The Dangerfield Economy
This recovery can't get no respect.
WSJ.com
Sunday, April 11, 2004 12:01 a.m.

The report of roaring job numbers for March, along with the sharp upward revisions for the previous two months, was good news that even the chattering classes couldn't deny. Then again, give them a day or two and they'll have us back in Hooverville. Like Rodney Dangerfield, this is the recovery that can't get no respect.
By nearly every objective measure, the U.S. economy is strong and getting stronger. Just look at the Misery Index, the measure created by the late economist Arthur Okun adding the rates of unemployment and inflation. This may not be the most sophisticated of metrics, but it does capture the two greatest threats to household wealth and security. And it's indicating that, comparisons to the 1990s' bubble years excepted, the U.S. economy is doing very well.

Today's unemployment rate of 5.7% is close to the level Bill Clinton boasted about as he sought re-election in 1996. Meanwhile, inflation has fallen by a full percentage point over the past eight years. As the nearby table shows, the economy compares favorably by re-election standards and President Bush's policies should be enjoying at least a modicum of respect.

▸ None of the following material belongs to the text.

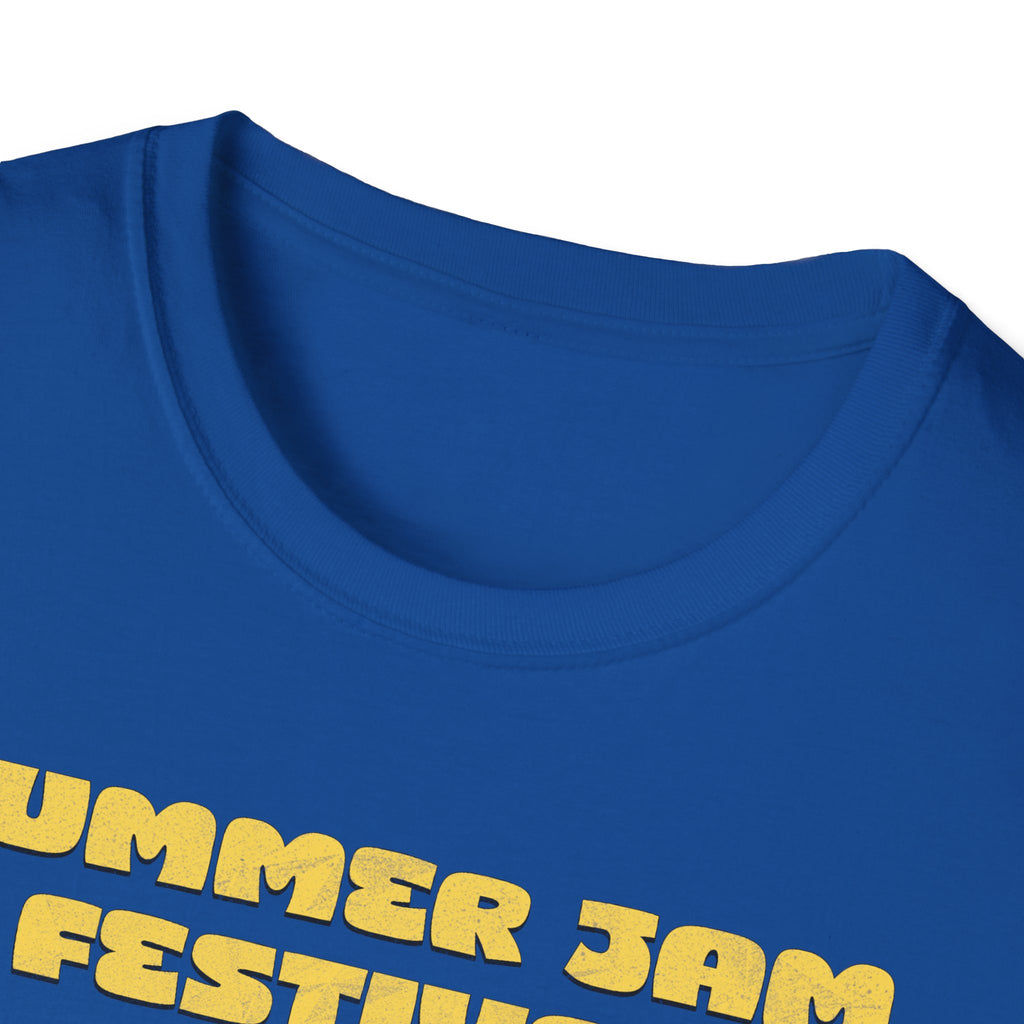 Summer Jam Festival Shirt, Vintage Advertisement Graphic Tee, Unisex Softstyle T-Shirt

Instead, the media have done a terrific job of convincing everybody that these are the worst of times. A poll conducted by the American Research Group in mid-March found that 44% of Americans believed that the country was still in a recession. That's passing strange when you consider that the last recession ended way back in November of 2001, and for the last two quarters of 2003 the U.S. economy grew at an annualized rate of 6.1%, the fastest in 20 years. Even more remarkable, the percentage of gloomsters was higher in March, when we now know 308,000 new jobs were being created, than over the previous three months.
The angst is also hard to fathom given that Americans are richer than they've ever been before. Household wealth recently hit $44.4 trillion, an all-time high. A big part of that is due to the stock market's 35% recovery last year, as well as rising property prices. OK, not everyone is convinced that the real estate market will hold up, and we're also concerned that price signals are warning that Federal Reserve policy has been too accommodating. Nevertheless, when a record 68.6% of households own their own homes, that should at least create a feeling of security.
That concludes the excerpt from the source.